▸ **Problem requirements**
Please give back, exactly as written, the lines from the line with "Кыргызстандык футболчу Роналдиньодой" to the line with "New 2025 Chevrolet Suburban Premier image 58" in the listing below, leaving out all pictures.

▸ **Task inputs**
□ □ □ □

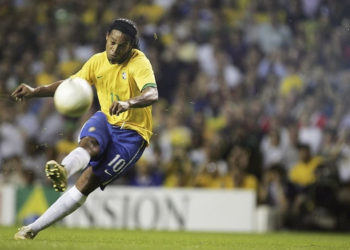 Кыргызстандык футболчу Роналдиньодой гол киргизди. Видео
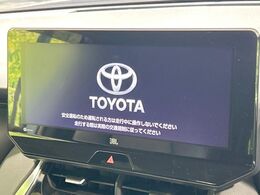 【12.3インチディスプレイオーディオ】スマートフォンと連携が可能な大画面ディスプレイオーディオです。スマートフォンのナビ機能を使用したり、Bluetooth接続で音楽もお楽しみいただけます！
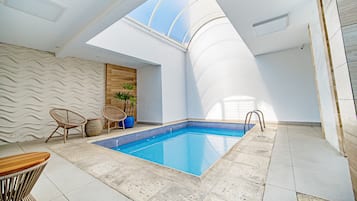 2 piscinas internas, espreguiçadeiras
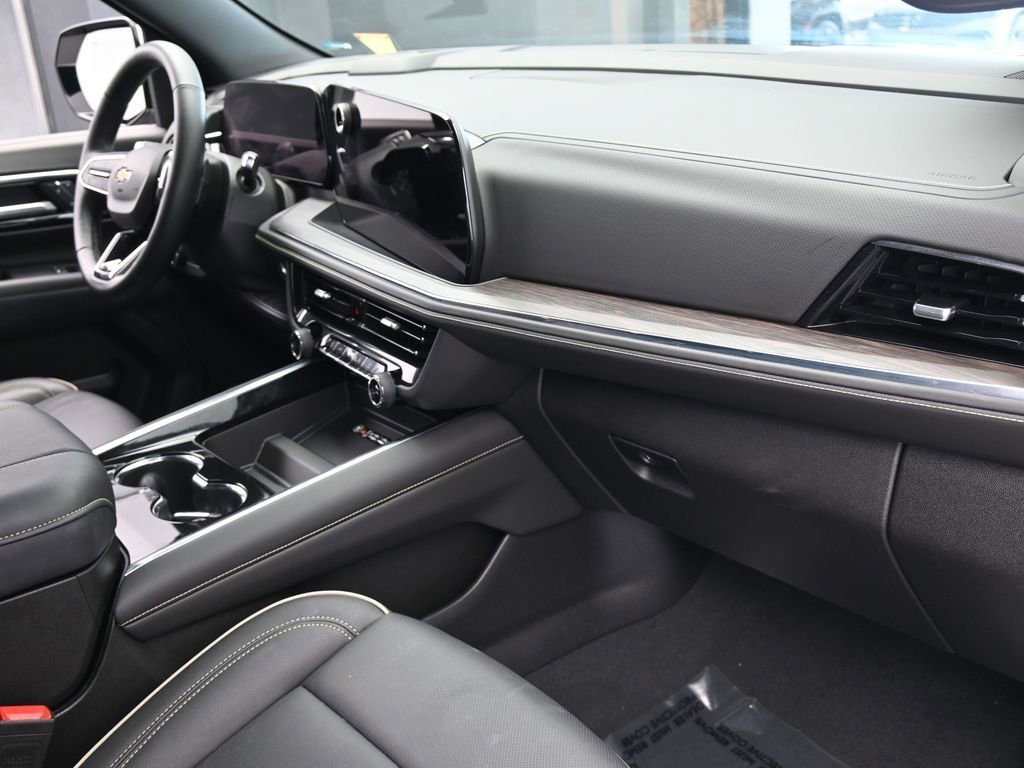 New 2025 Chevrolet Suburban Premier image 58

□ □ □ □

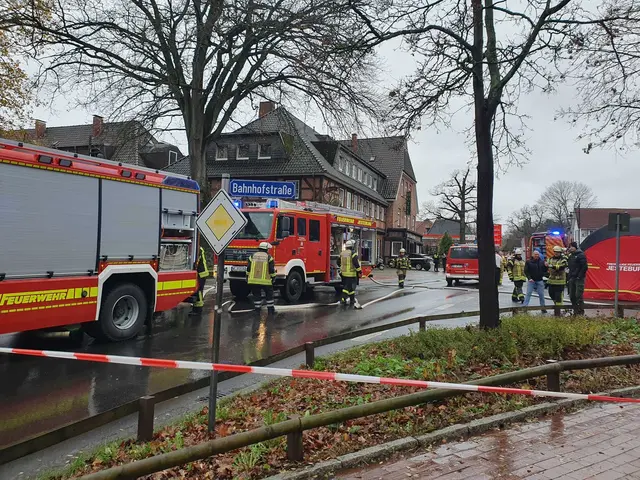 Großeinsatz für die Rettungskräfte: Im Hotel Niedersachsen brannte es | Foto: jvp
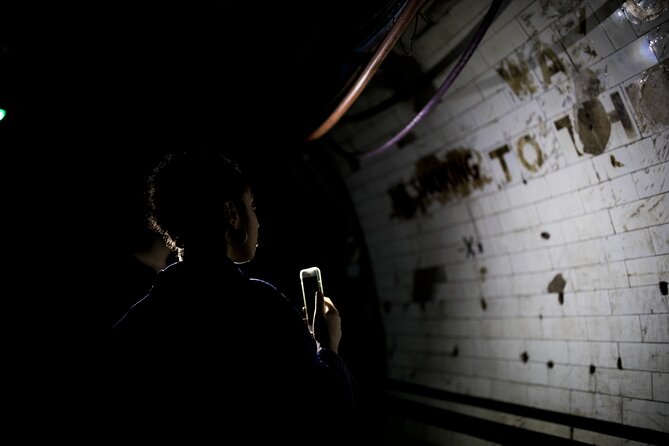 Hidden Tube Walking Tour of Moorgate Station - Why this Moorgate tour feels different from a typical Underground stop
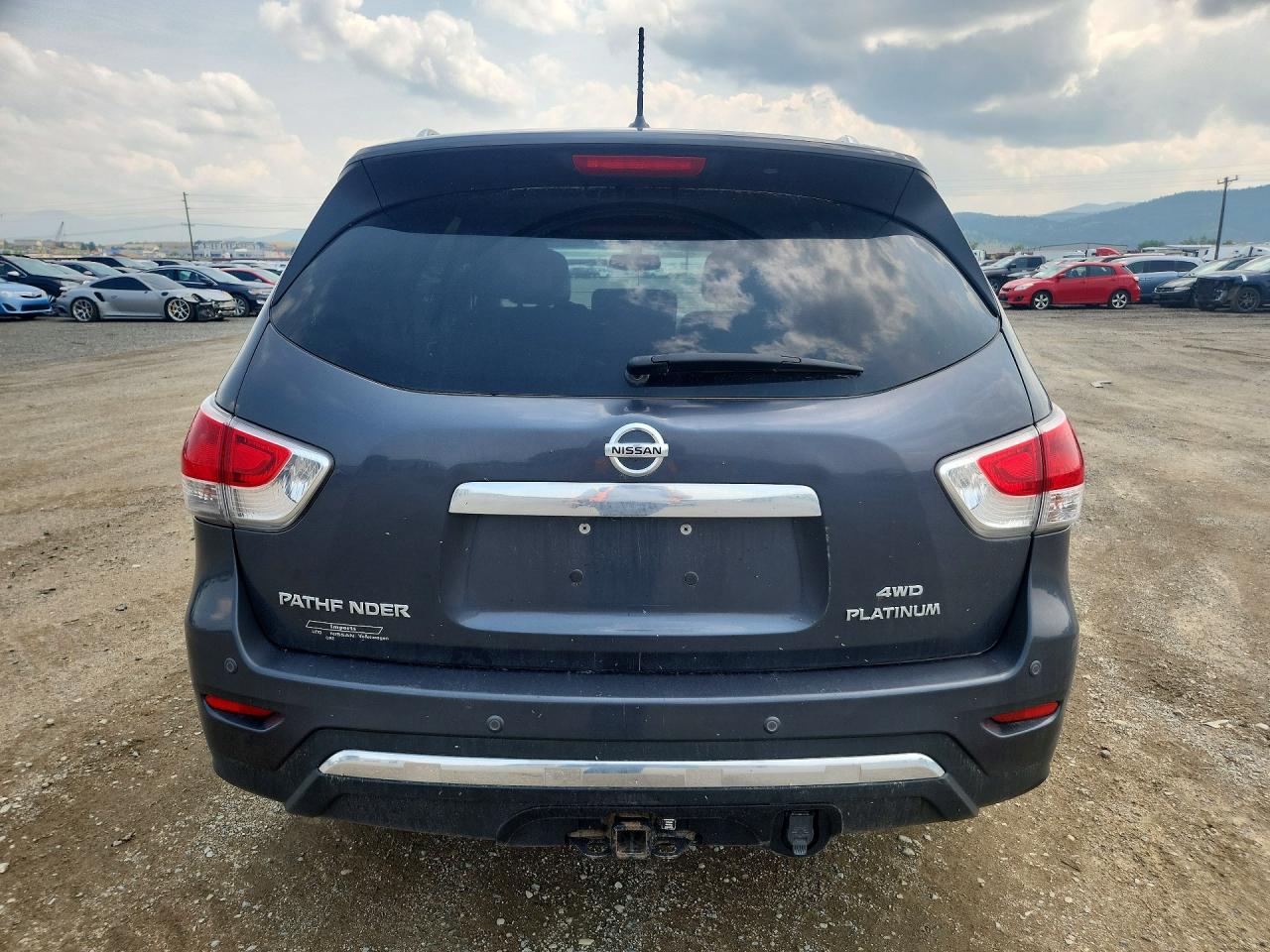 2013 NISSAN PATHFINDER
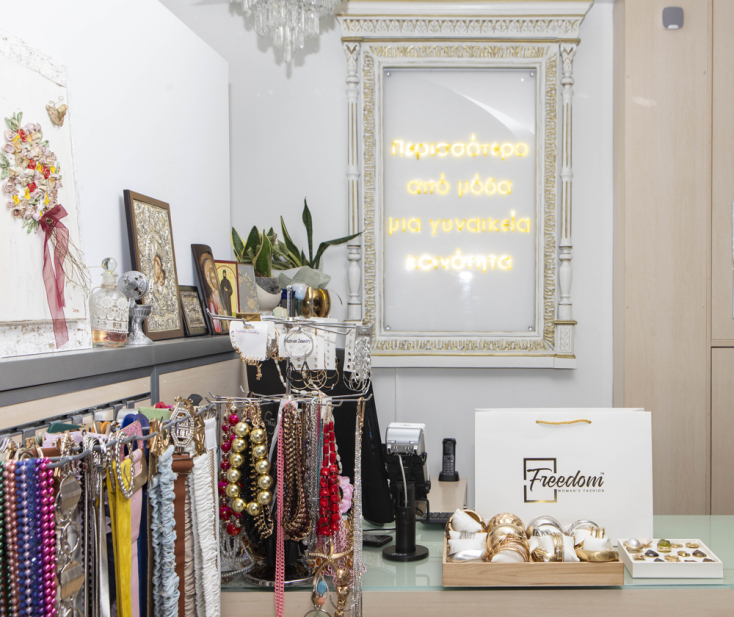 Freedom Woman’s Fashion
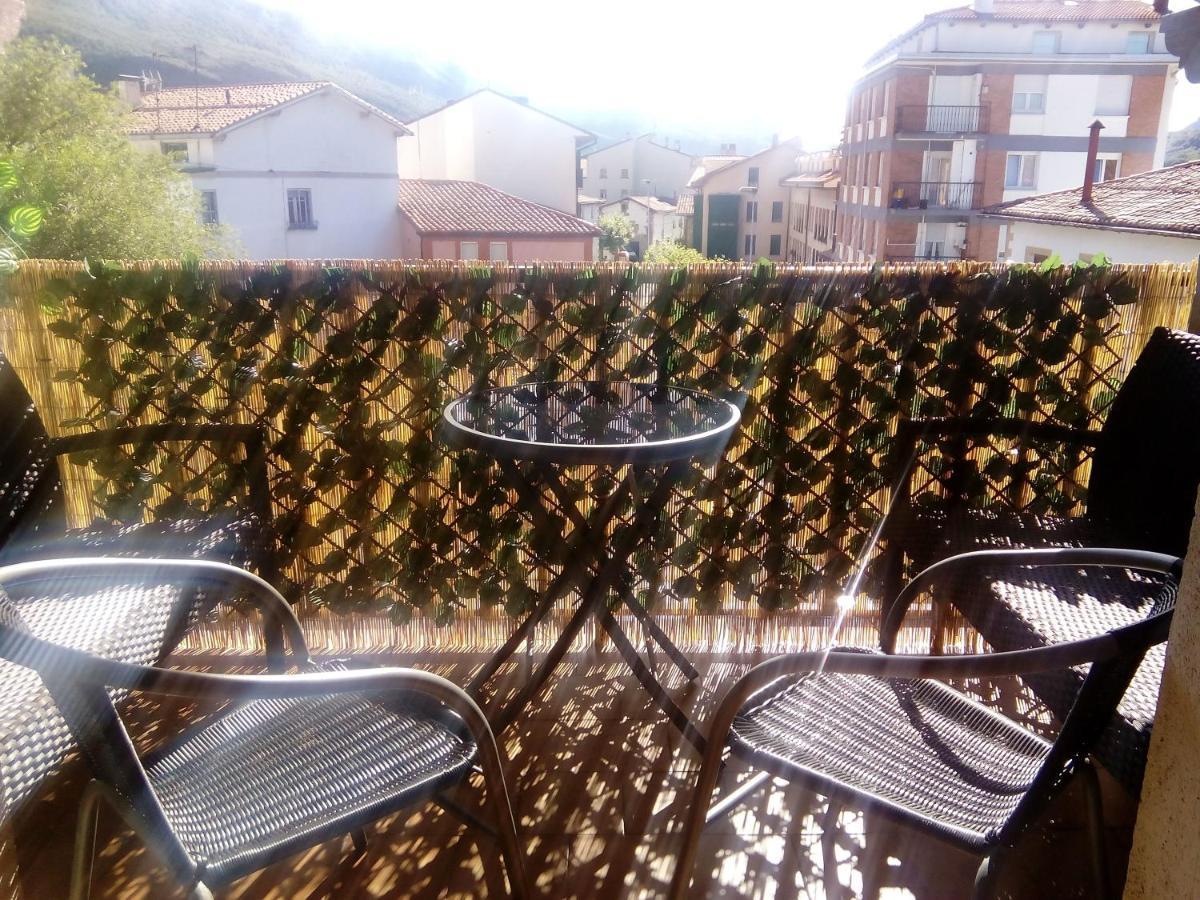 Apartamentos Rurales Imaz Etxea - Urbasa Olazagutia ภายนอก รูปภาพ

□ □ □ □

▸ **Result**
 Кыргызстандык футболчу Роналдиньодой гол киргизди. Видео
 【12.3インチディスプレイオーディオ】スマートフォンと連携が可能な大画面ディスプレイオーディオです。スマートフォンのナビ機能を使用したり、Bluetooth接続で音楽もお楽しみいただけます！
 2 piscinas internas, espreguiçadeiras
 New 2025 Chevrolet Suburban Premier image 58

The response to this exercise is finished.